From 2019 to 2021, Ohlmiller also served as a volunteer assistant coach for Stony Brook after her graduation.

Ohlmiller was inducted into the Stony Brook Rita & Kurt Eppenstein Athletics Hall of Fame during the class of 2023.

== College statistics ==
| | | | | | | |
| Season | GP | G | A | Pts | PPG | |
| 2015 | 20 | 42 | 44 | 86 | 4.30 | |
| 2016 | 21 | 44 | 47 | 91 | 4.33 | |
| 2017 | 22 | 78 | 86* | 164* | 7.45 | |
| 2018 | 22 | 88 | 69 | 157 | 7.14 | |
| Totals | 84 | 252 | 246* | 498* | 5.17 | |
Asterisks indicate NCAA Division I all-time record.

== National team career ==
Ohlmiller tried out for the United States women's national lacrosse team in 2016 and made the 36-man roster for the 2017 team. She trained for the 2017 Federation of International Lacrosse Women's World Cup held in Guildford, England but did not make the final 18-player roster for competition. She made the 36-man roster again in 2021 and was named to the final 18-player roster ahead of the 2022 World Championship, along with her Stony Brook teammate Ally Kennedy.

On July 7, 2022, in the world championship semifinals against Australia, Ohlmiller tore her anterior cruciate ligament (ACL), medial collateral ligament (MCL) and meniscus.

== Professional career ==
Ohlmiller was selected as the first overall draft pick in the 2018 United Women's Lacrosse League (UWLX) and the Women's Professional Lacrosse League (WPLL) drafts. Both leagues are now defunct.

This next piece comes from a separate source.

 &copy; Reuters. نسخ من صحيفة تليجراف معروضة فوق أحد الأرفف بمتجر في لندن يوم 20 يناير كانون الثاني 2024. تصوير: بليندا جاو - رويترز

Players in the WPLL, including Ohlmiller, moved on to the Athletes Unlimited Lacrosse league after the former folded in 2020 after the COVID-19 pandemic. She signed with Athletes Unlimited in March 2021.

Ohlmiller missed the 2022 season with a torn ACL, MCL and meniscus that she suffered in the 2022 World Lacrosse Women's World Championship semifinals.

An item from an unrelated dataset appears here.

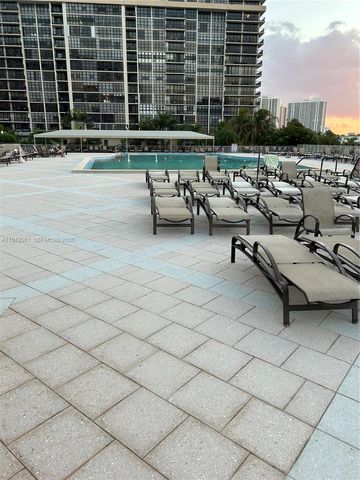 1985 S Ocean Dr 20L, Hallandale Beach, FL 33009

Ohlmiller returned during the 2023 season, recording 19 goals and 10 assists while tying the AU single-game record with six goals in Week 4. In November 2023, while training for the 2024 World Lacrosse Box Championships, Ohlmiller tore her ACL again. AU Lacrosse was shut down indefinitely in December 2024.

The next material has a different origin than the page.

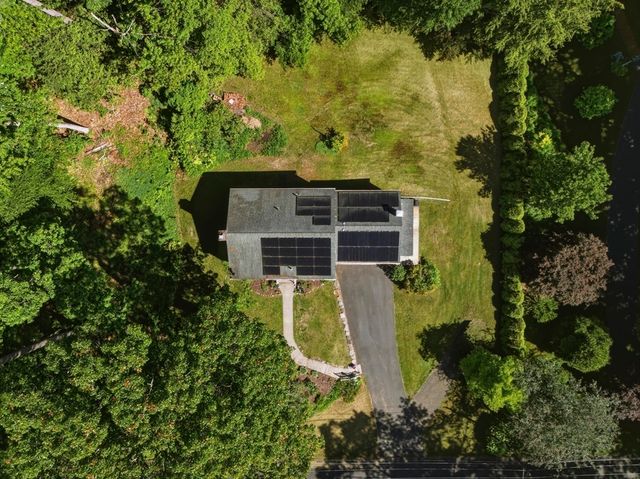 49 Country Way, Northampton, MA 01062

In 2025, the Women's Lacrosse League became the lone professional women's lacrosse league in the United States. Ohlmiller was named to the roster of the New York Charging team. Making her return from her second torn ACL, she scored the league's first-ever goal on February 11, 2025 in a 14–13 win over the Maryland Charm.

== Retirement ==
Ohlmiller announced her retirement from professional lacrosse on January 22, 2026.

== Broadcasting career ==
Ohlmiller served as a color analyst for the Coastal Athletic Association broadcasts of Stony Brook women's lacrosse teams from 2022 to 2024. In 2024, while recovering from her second torn ACL, Ohlmiller joined the broadcast team for the Athletes Unlimited Pro Lacrosse season.

== Personal life ==
Ohlmiller's younger sister, Taryn, also played for Stony Brook from 2017 to 2021. The two sisters were teammates for the 2017 and 2018 seasons, and Taryn graduated in 2021 with the second-most goals and assists in Stony Brook program history behind Kylie.

Ohlmiller is known for her Batman-inspired eye black pattern which she always wears to competition.

Ohlmiller began dating fellow Stony Brook lacrosse alumnus Ryland Rees in 2021. The two were engaged in 2024.